GST panel suggests standard GST rate of 17-18%
04 December 2015
The committee headed by the government's chief economic adviser Arvind Subramanian set up to suggest possible tax rates under GST has recommended a standard rate of 17-18 per cent, setting the stage for consensus on the issue and passage of constitutional amendment bill in the winter session.
The opposition Congress party is insisting on a GST rate of 18 per cent and the committee recommendation of 17-18 per cent meets that demand, which could lead to consensus on the rate structure.
The standard rate is based on a revenue neutral rate (RNR) of 15-15.5 per cent suggested by the committee. In fact, the committee preferred the lower rate and for goods that needed to be taxed less, it has suggested a lower rate of 12-14 per cent.
Stating that getting the design of the GST right is critical, the committee pointed out that the GST should aim at tax rates that protect revenue, simplify administration, encourage compliance, avoid adding to inflationary pressures, and keep India in the range of countries with reasonable levels of indirect taxes.
The committee recommended a two-rate structure. In order to ensure that the standard rate is kept close to the RNR, the maximum possible tax base should be taxed at the standard rate. The committee suggested that lower rates be kept around 12 per cent (centre plus states) with standard rates varying between 17 and 18 per cent.
The Arvind Subramanian panel is also reported to have voted against the 1 per cent additional tax on interstate sale of goods, proposed in the constitutional amendment bill in the Lok Sabha to help manufacturing states.

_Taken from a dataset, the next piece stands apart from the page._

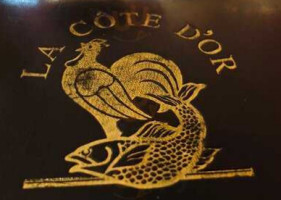 La Cote D'or Cafe food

The committee noted that globally, the practice is to levy rates in the form of excises outside the scope of the GST - on goods and services that create negative externalities for the economy. As currently envisaged, such demerit rates - other than for alcohol and petroleum (for the states) and tobacco and petroleum (for the centre) - will have to be provided for within the structure of the GST. The foregone flexibility for the center and the states is balanced by the greater scrutiny that will be required because such taxes have to be done within the GST context and hence subject to discussions in the GST Council.

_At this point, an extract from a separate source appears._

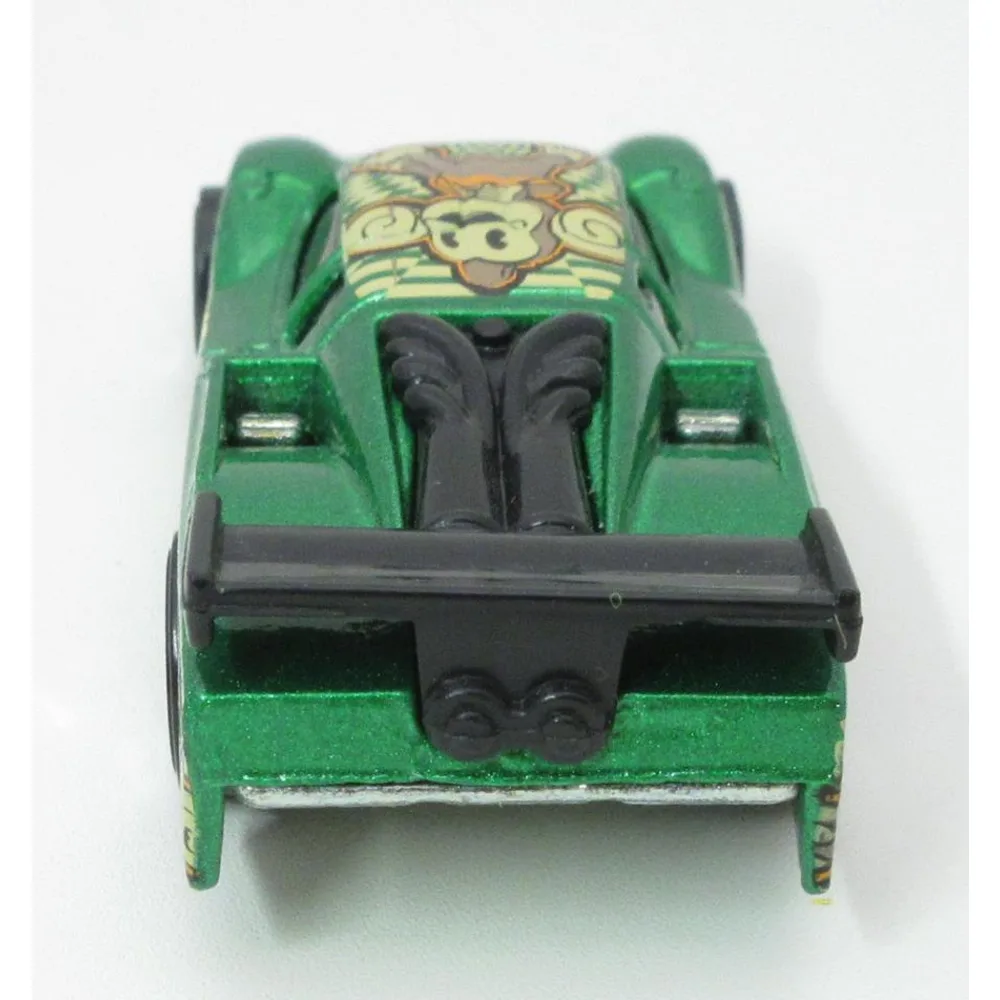 GT Racer — 57250 — Metallic Green — imagem 2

Accordingly, the committee recommends that this rate be fixed at about 40 per cent (centre plus states) and apply to luxury cars, aerated beverages, paan masala, and tobacco and tobacco products (for the states).
This historic opportunity of cleaning up the tax system is necessary in itself but also to support GST rates that facilitate rather than burden compliance. Choices that the GST Council makes regarding exemptions/low taxation (for example, on gold and precious metals, and area-based exemptions) will be critical.
Experts said that if petroleum, real estate and liquor are kept out of GST in the initial years as proposed in the bill passed in the Lok Sabha earlier this year, the available tax base would shrink and, hence, the combined centre-state GST rate could be more than 20 per cent.
Government sources said in such a scenario, the attempt would be to eventually bring down the rate as the tax base expands. A select panel of Rajya Sabha, which reviewed the constitutional amendment bill had suggested that the rate should not exceed 20 per cent. Finance minister Arun Jaitley too promised that the GST rate would be much lower than the previously discussed 27 per cent.
However, the committee noted that the more the exemptions that are retained in the bill the higher will be the standard GST rate.
There is no getting away from a simple and powerful reality: the broader the scope of exemptions, the less effective the GST will be.